Saturday, February 28, 2009

Text Layout Engines

As many of my loyal followers know, I wrote a really fast text layout engine for Moonlight 1.0 which was able to layout text in more-or-less a single pass over the string. Hard to do better than that, especially with my superbly (I'm allowed to stroke my own ego, right?) designed font/glyph caches.

That said, the code had also been superbly disgusting and unmaintainable. Made worse when I had to add hacks to render text selection (Silverlight 1.0's TextBlock is like a GtkLabel in that it just renders text, but Silverlight 2.0's TextBox supports editing and selection and so is therefor more akin to a multi-line GtkEntry widget).

Well, Thursday night, as I was watching House on Hulu, I had one of those "House moments" where he suddenly realizes what the patient is suffering from and how to solve the problem (usually when his friend, Wilson, is talking to him about something random).

I spent all day yesterday (and I mean all day, until 11pm last night) putting together my thoughts for a new design and working out the details and I think I now have a vastly improved solution that not only uses less memory in all but the pathological cases (I now use a UTF-8 string instead of a UCS4 string), but also doesn't require:

  • a pass over the text to break on CR/LF to construct a list of text runs which were what the old TextLayout engine I wrote used instead of a char* (because the layout engine now handles CR/LFs)
  • a whole new set of text runs every time selection boundaries change in a TextBox (because selection is no longer represented by text runs)

Of course, the same brilliance of the old design still apply: no need to re-layout when most text properties (underline, foreground, background, etc) change (obviously we still have to re-layout if font properties change because they change the metrics).

With my new design, my TextLayout class has a Select() method which allows the consumer to change the selected region of text. When you change the selection, my new logic can simply clear the cached glyph clusters for the affected area(s).

A "glyph cluster" is a cached (sub)run of glyphs in a particular text run. A "text run" is a substring of text that share all the same text attributes which does not span across line boundaries.

To break it down, a layout contains a list of lines. Each line contains a list of runs. Each run contains a list of glyph clusters.

Normally, a run will consist of only a single glyph cluster unless it overlaps the selection.

For example, if the first half of the run is within the selection, then the run will contain 2 glyph clusters (one for the selected portion and one for the non-selected portion). However, if the selection is fully contained within a single run but doesn't span the entire run, then it's possible to have up to 3 glyph clusters for that run: pre-selection, selection, post-selection.

The brilliance of doing it this way is that it simplifies keeping track of kerning between selected regions, so that as you drag your selection across some text, the text following your mouse cursor doesn't appear to "jump" to the left or right as you move between characters that are kerned.

5 comments:

Anonymous said...

Nice. But why don't you just use HarfBuzz?

Jeffrey Stedfast said...

This is the first time I've even heard of HarfBuzz :(

Unfortunately, looks like HarfBuzz is more of a glyph shaper library than a layout engine (what I mean by "layout" is wrapping text to fit within a set of bounds).

Pango is actually pretty close to what I want, but since my software has to support SLED10 (which only has Pango 1.10), it's missing a lot of the functionality (and performance improvements) that I need for something like Moonlight :(

Looking forward, I definitely want to switch to Pango, although I'm hoping that some of my performance ideas might give the Pango devs some ideas for improving Pango's performance as well (the major performance bottleneck I had with Pango has already been fixed).

Jeffrey Stedfast said...

I should mention that basically all of my required features to use Pango have been pretty much met.
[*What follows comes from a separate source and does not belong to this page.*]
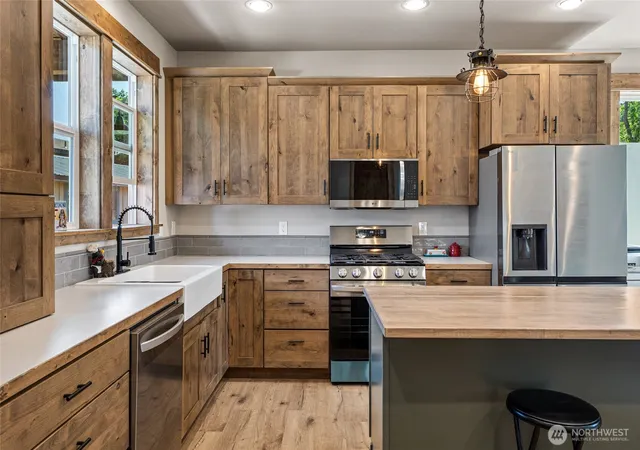 Photo 4 of Single family home for sale at 91 Twin Lakes Rd, Cle Elum, WA 98922 | MLS# NWM2478721 | Listing updated on 2026-09-24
The only remaining stumbling block that I know of for sure is that PangoWrapMode doesn't map very well to Silverlight's TextWrapping modes.
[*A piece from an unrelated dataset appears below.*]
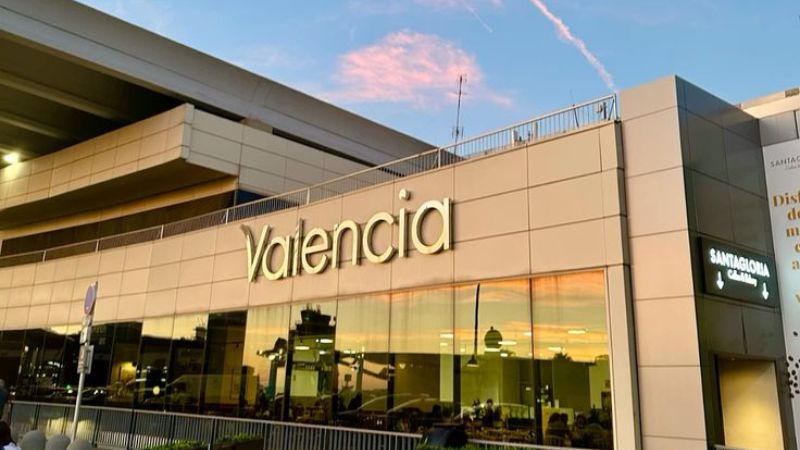 EasyJet Airlines Valencia Airport – VLC Terminal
There's some other areas that I'd probably have to hack around, but I think they are doable.

Anonymous said...

Oh, I see now. I was just afraid that you gonna spend your time reinventing the wheel, effectively wasting many hours implementing yet-another layout engine. Good to know that your case is special. And true, supporting ancient distribution/software is real PITA.

Anonymous said...

How does Hulu work? Do I need to signup to watch any videos?